Misère humaine : Samedi dans la matinée, on allait faire nos courses dans une grande surface à Koné. Passa devant la voiture un être aux habits enguenillés. Il marchait nus pieds avec toute la tête enturbannée. Il a dû me remarquer pour relever la veste plus haut et se cacher ainsi le visage. J’attendais qu’il traverse le passage piéton pour repartir. Une fois sur le trottoir d’en face, il accéléra un peu plus ses pas. Vers où allait-il ? 

Je continuai mon chemin. Après les courses, sur la route du retour, Elisa me dit: « Tu connais le jeunot qui est passé devant nous tout à l’heure ? » Je répondis non. « Ben, c’est Tein*. » Je me tus à nouveau. Ma pensée s’empreignit fortement de l’image du jeunot. Un fils de la vallée qui avait toujours affaire à la gendarmerie, pour vols, voyeurisme et autres petits délits. Je me dis seulement qu’il a franchi un cap. Sortir. Non pour découvrir le monde au delà des crêtes montagneuses mais pour s’exposer et se voir. Tein était déjà de la flopée de jeunes jetés sur la route entre Voh et Koné. Le plus loin, où il irait, me disais-je, c’est la capitale. Je suis même sûr que je le verrais à la baie de la Moselle tourner entre les roulottes pour quémander quelques pièces d’argent pour s’acheter un pain pour se mettre sous la dent. 

Poutine: Quel gros ‘dégueulasse’ ! C’était le mot exclamatif d’une relation que j’ai appelée le lendemain de l’invasion de l’Ukraine par la Russie. Aujourd’hui c’est dimanche et je n’ai même pas suivi les infos. Le jeu des alliances est déjà mis en place. Le temps de penser aux réfugiés sur les routes mais aussi les pays frontaliers qui les accueillent… pff! « Quelle connerie la guerre ! » Écrivait Prévert. 

Le petit chat est mort: Dimanche soir, il pleuvait et en revenant à la maison, comme à son habitude, la chatte venait s’abriter sous la voiture mais au lieu d’attendre que le moteur soit coupé,… résultat: les deux roues des deux tonnes et demi lui sont passées dessus. Écrabouillée. Je descendis, le temps du recueillement pour après attraper une pelle et la ramasser. Je suis resté quelques temps silencieux. Les images des morts d’Ukraine et de Russie  défilaient dans mon crâne. Après, plus rien. C’était déjà la nuit avancée. Le coassement des grenouilles, le chant des grillons qui recouvraient toute la vallée et le silence nous mettaient tous en phase avec nous-mêmes. Lundi, j’avais cours avec les deux classes de 5ème. Deux heures chacune. Je m’endormis… 

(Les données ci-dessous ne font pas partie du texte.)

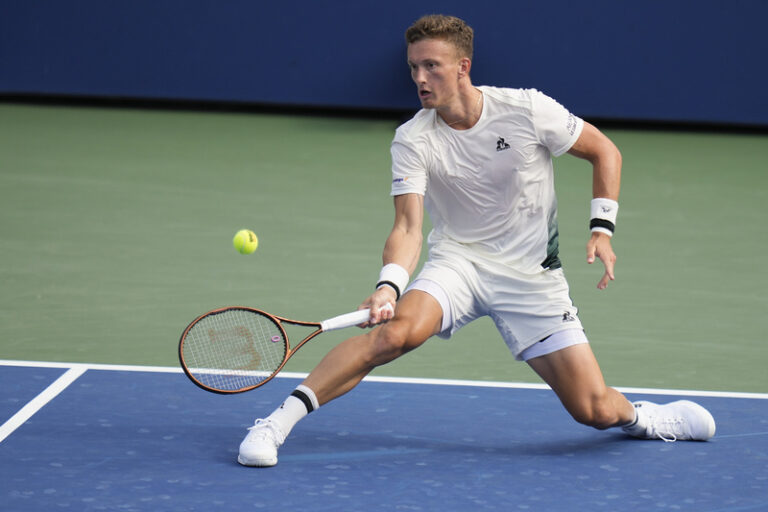 Lehečka do osmifinále US Open nepostoupil, prohrál s Rubljovem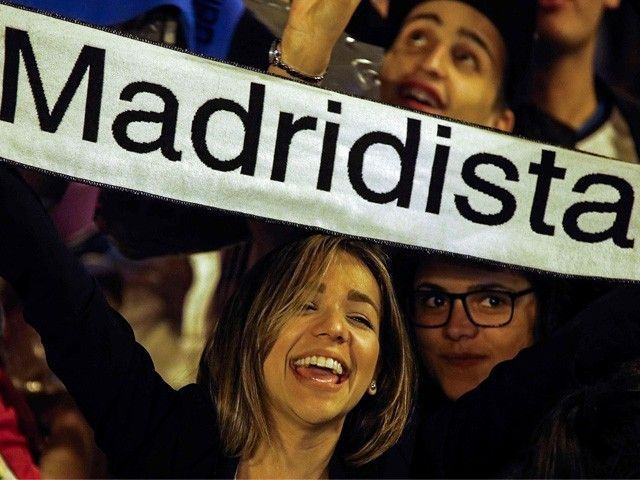 Hình ảnh những Madridista trong một trận đấu của Real Madrid Hình ảnh những Madridista trong một trận đấu của Real Madrid
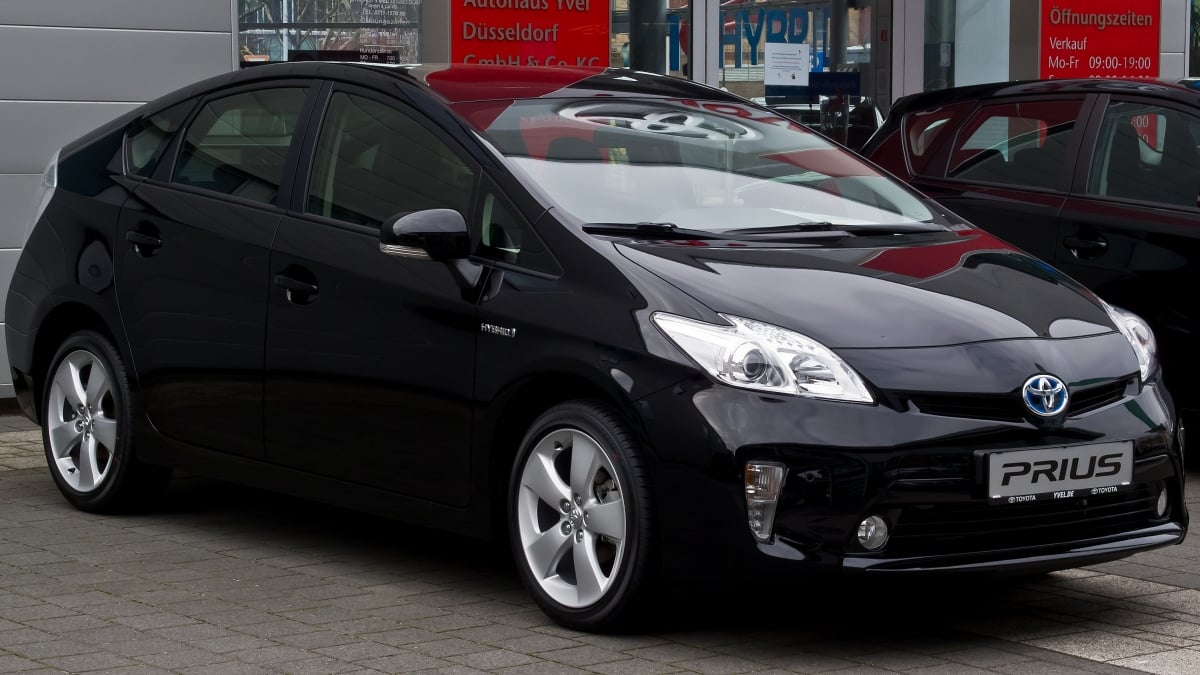 Toyota Prius is marginally quicker than the Honda Insight, and at a leisurely pace, slightly more frugal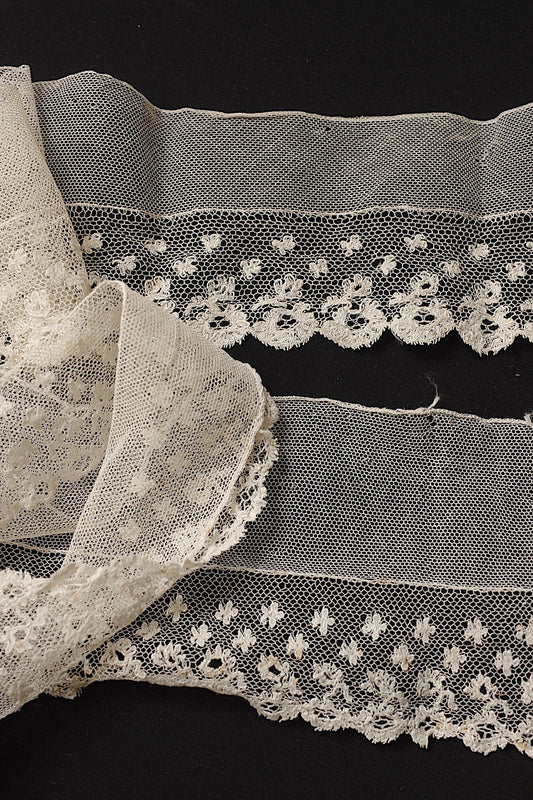 アンティークレース3種/dentelle ancienne/antique lace .FR a l'epoque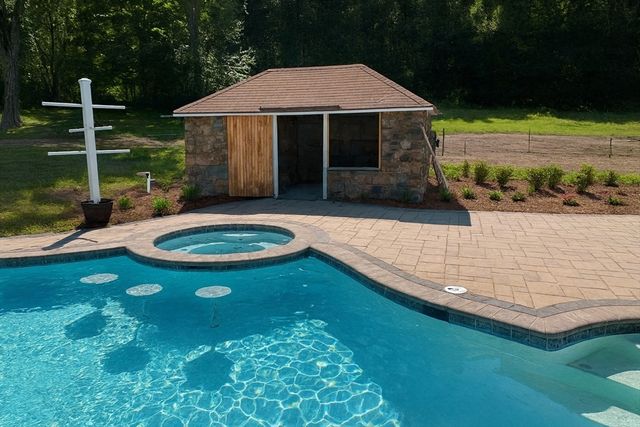 603 Glendale Rd, Wilbraham, MA 01095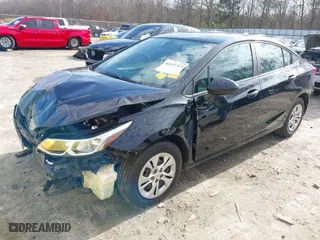 2019 Chevrolet Cruze LS with VIN 1G1BC5SM7K7151224, listed as a IAAI auction lot 41591315 with 118,114 mi miles. Bid and sale history available at carsss.com. Image 2.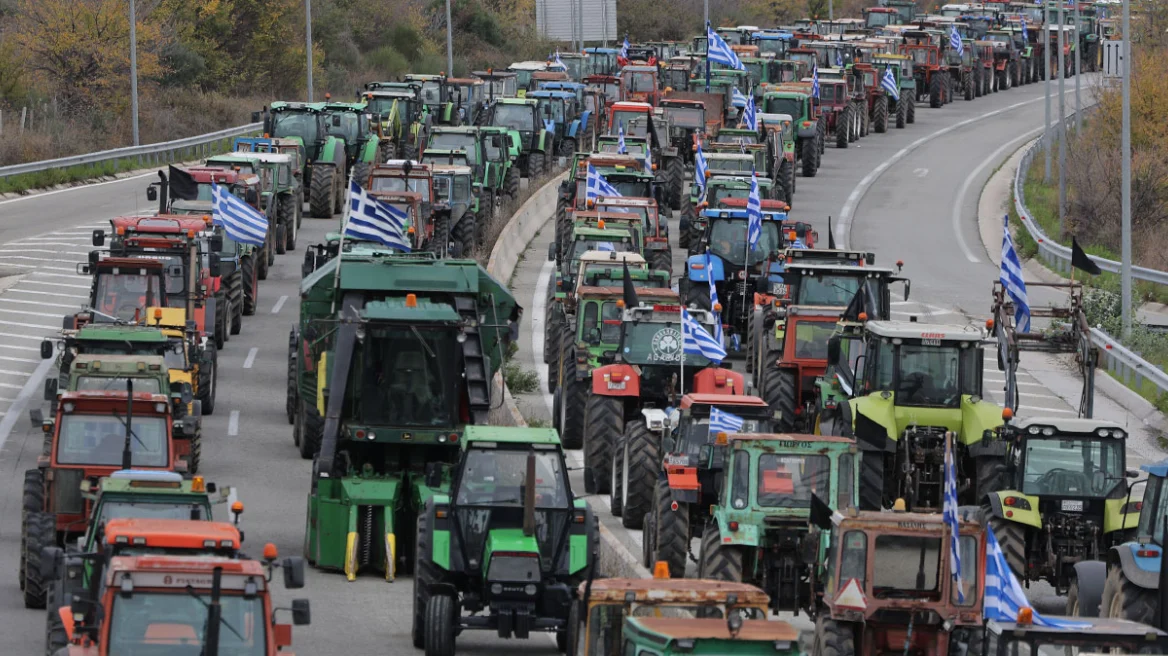 Χριστούγεννα στα μπλόκα με τα όρια της κοινωνικής υπομονής να στενεύουν – Επισκόπηση Τύπου 10/12
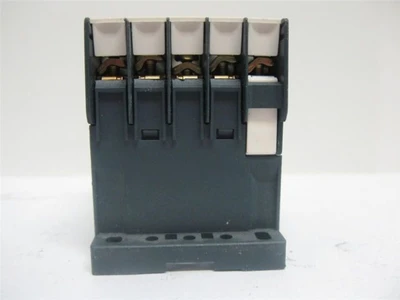 USED TELEMECANIQUE CA2KN22B7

Littera Mahoi: C’est Chantal Spitz qui dirige cette revue littéraire de l’archipel frère polynésien. 2021, elle m’avait demandé des écrits et je lui avais envoyé deux textes de deux lecteurs de Nuelasin. Un neveu de Hunöj (Jim Saipo et hmihmi Kaudre.) Lundi, je reçois un mail du tonton pour dire qu’il a reçu un exemplaire de Littera Mahoi envoyé par Chantal aux bons soins de notre Edou national. À mon tour de remercier Chantal par le biais de Nuelasin.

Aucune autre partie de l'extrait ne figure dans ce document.